Ezra Furman
Transangelic Exodus

(Bella Union)


Ezra Furman has never played by the rules. The 31-year-old has become one of pop’s unlikelier heroes, a performer of rare honesty who gained a sizeable cult following 2013’s ‘Day Of The Dog’ at the very point he was considering giving up music to become a teacher. So it makes a strange kind of sense that ‘Transangelic Exodus’, his fourth solo record and one that’s supposed to launch him towards pop superstardom, is something of a concept album; “a queer outlaw saga” as he puts it.

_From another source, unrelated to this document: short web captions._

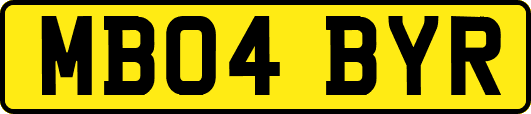 MB04BYR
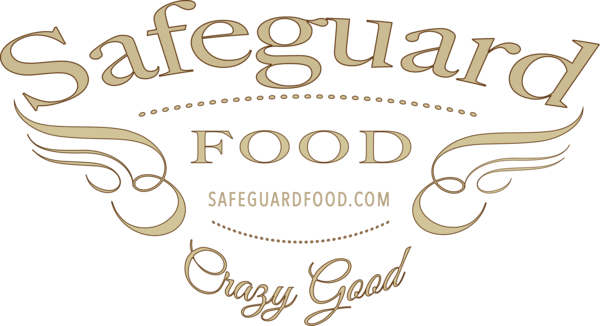 Safeguard Food Logo - Safeguard Food (600x326), Png Download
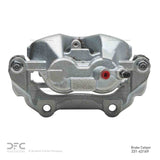 Dynamic Friction 2010-2015 Mercedes-Benz GLK250 Front Left Premium Caliper - Silver Zinc Coated by Dynamic Friction Company 331-63169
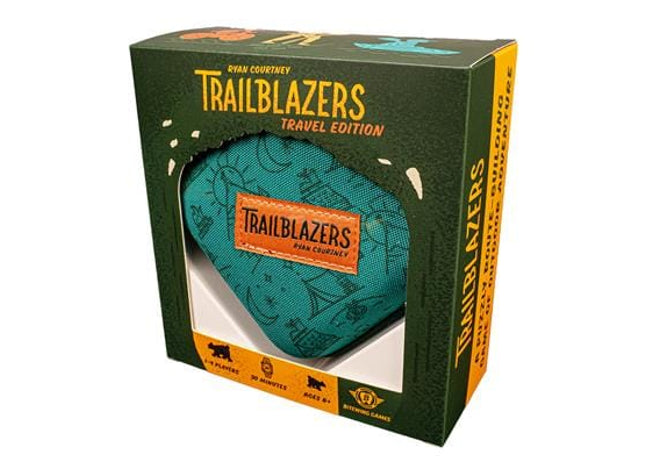 Gamers Guild AZ Allplay Trailblazers: Travel Edition (Pre-Order) Asmodee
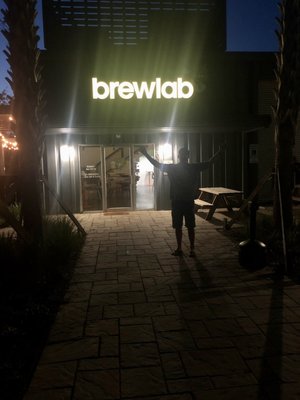 Over The Horizon Brewing by null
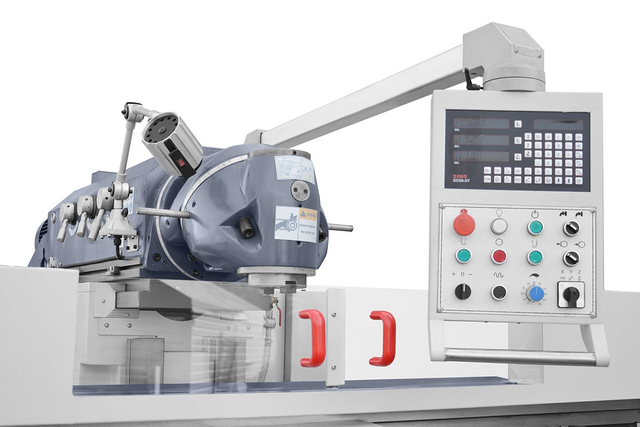 KNEE-TYPE MILLING MACHINE FU2000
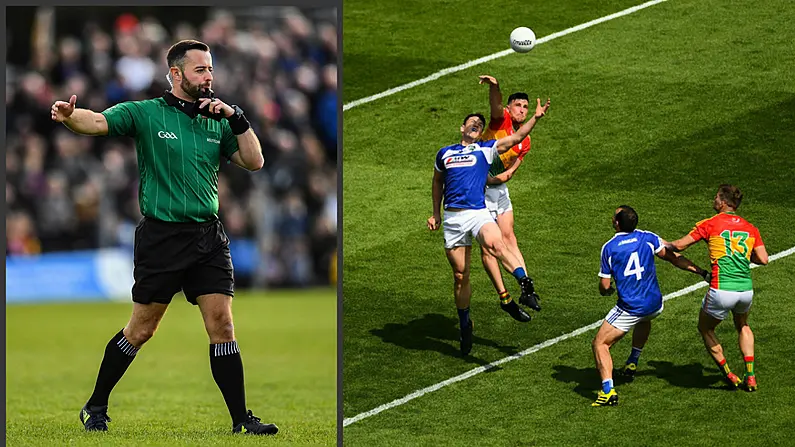 David Gough Clears Up One Of The Biggest Rule Misconceptions In The GAA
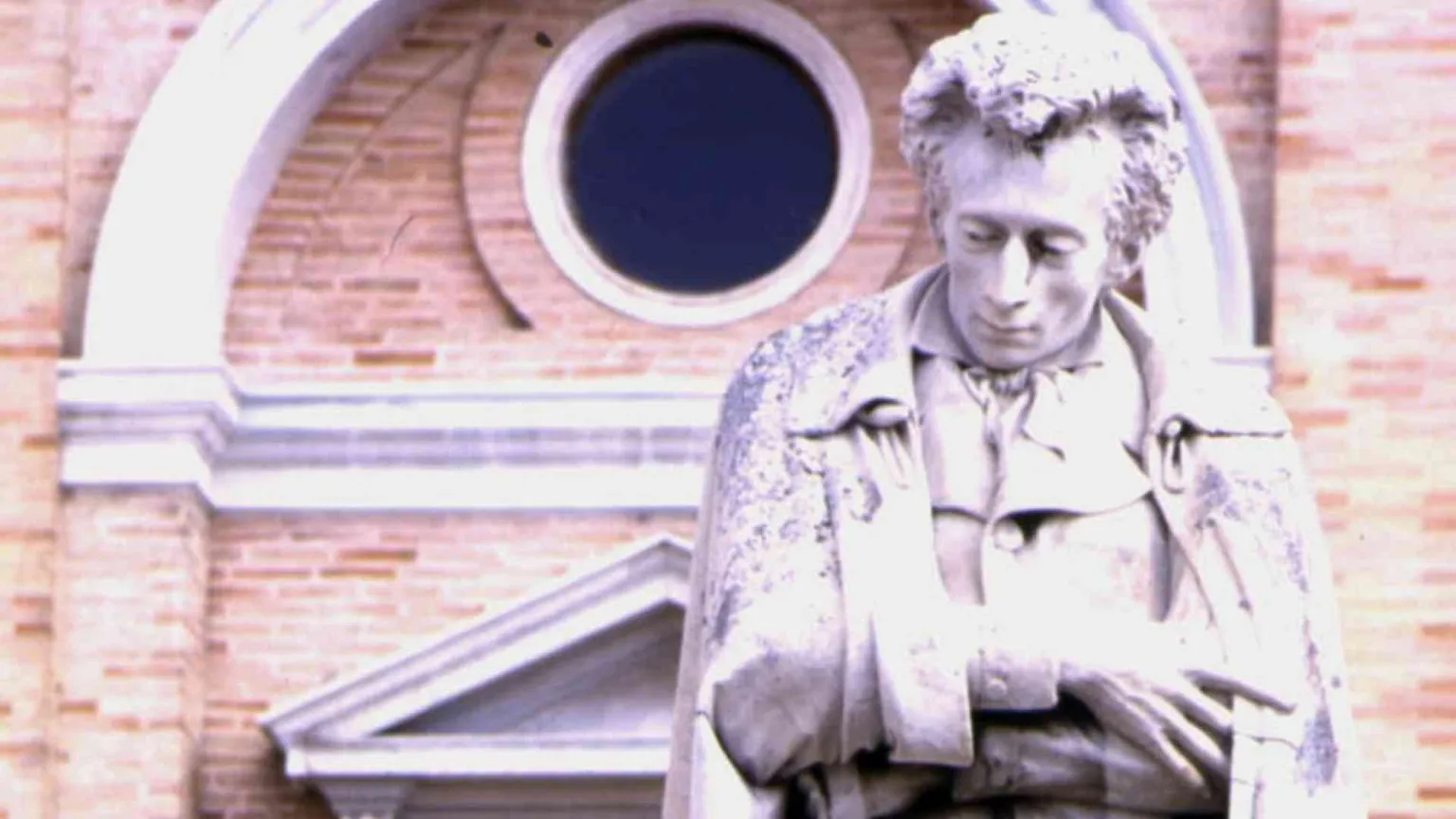 Bodei: Leopardi, un Giobbe moderno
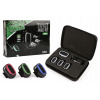 MADCAT Topcat Alarm Set 3+1 Red Green Blue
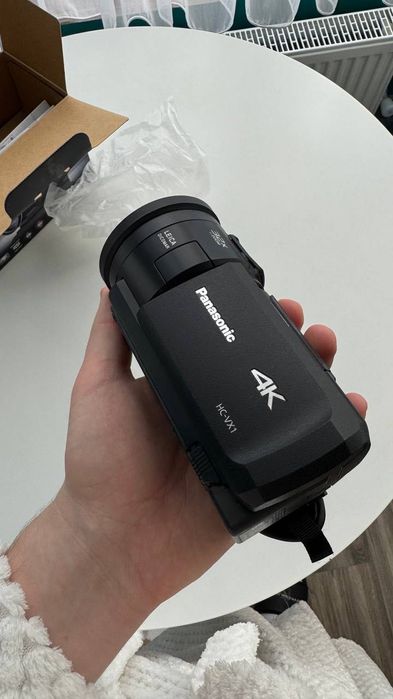 Panasonic HC-VX1 4K відеокамера в ідеальному стані | камера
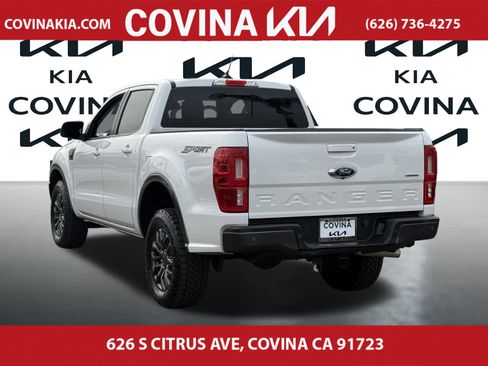 Used 2019 Ford Ranger Lariat w/ Equipment Group 501A Mid image 6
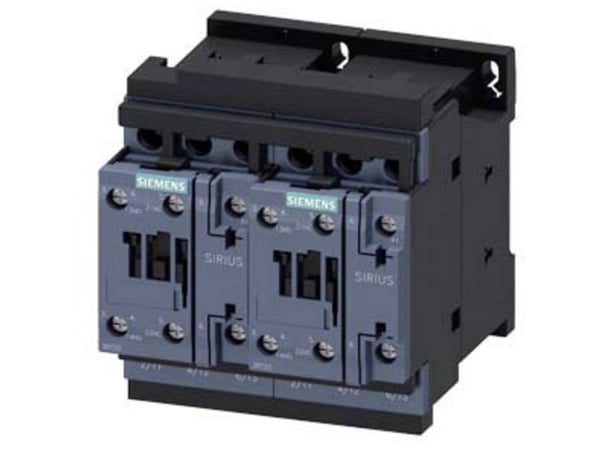 Siemens 3RA2325-8XB30-1AL2 Kääntymissuojausyhdistelmä 3 x katkaisija 690 V/AC 17 A 1 kpl 1 kpl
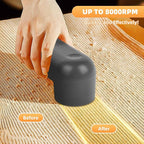 Electric Fabric Shaver and Lint Remover, Portable Fuzz Remover - Image 2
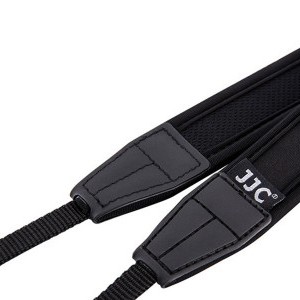 JJC NS-M1BK Neoprén nyakpánt, fekete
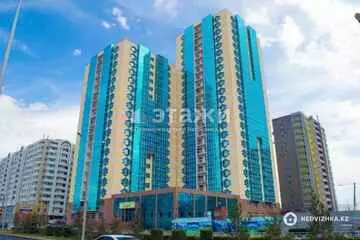 3-комнатная квартира, этаж 13 из 15, 90 м²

Gone are the classic rock ‘n’ roll romps of his earlier work, replaced by something darker and more feral. Partly this is down to the subject matter he confronts – fascism, paranoia, and stigmatization are all dissected – and partly due to a desire to do something different. This new mood is evident from the off; the sickly, anxious groove of ‘Driving Down to L.A.’ and the scratchy, sparse orchestration of ‘God Lifts Up The Lonely’ – including a verse entirely in Hebrew – capture a sense of despair and fear that runs through all thirteen tracks.

But Furman sounds defiant too, injustice fuelling his creative fire. “I’m not about to sit here and watch as they suck the blood from my wound” he spits on the opening track, detailing a break for the border with his lover. It’s a wild ride that chimes perfectly with troubled times and cements Furman’s status as a modern pop auteur of some repute.